------ EXERCISE DATA ------

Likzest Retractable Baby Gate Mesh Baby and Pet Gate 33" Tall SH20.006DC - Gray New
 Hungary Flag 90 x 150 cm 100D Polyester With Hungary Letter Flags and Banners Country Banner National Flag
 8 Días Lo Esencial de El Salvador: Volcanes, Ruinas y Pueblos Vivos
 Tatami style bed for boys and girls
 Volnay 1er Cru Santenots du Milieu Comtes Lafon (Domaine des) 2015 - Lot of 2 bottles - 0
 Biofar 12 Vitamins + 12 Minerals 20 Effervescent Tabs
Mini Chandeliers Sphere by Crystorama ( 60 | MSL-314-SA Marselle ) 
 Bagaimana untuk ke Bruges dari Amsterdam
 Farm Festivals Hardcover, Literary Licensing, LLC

------

**WHAT YOU ARE ASKED TO DO:**
Set down each line of the material verbatim, from the first line through the line that contains "Biofar 12 Vitamins".

**RESPONSE TO THE EXERCISE:**
Likzest Retractable Baby Gate Mesh Baby and Pet Gate 33" Tall SH20.006DC - Gray New
 Hungary Flag 90 x 150 cm 100D Polyester With Hungary Letter Flags and Banners Country Banner National Flag
 8 Días Lo Esencial de El Salvador: Volcanes, Ruinas y Pueblos Vivos
 Tatami style bed for boys and girls
 Volnay 1er Cru Santenots du Milieu Comtes Lafon (Domaine des) 2015 - Lot of 2 bottles - 0
 Biofar 12 Vitamins + 12 Minerals 20 Effervescent Tabs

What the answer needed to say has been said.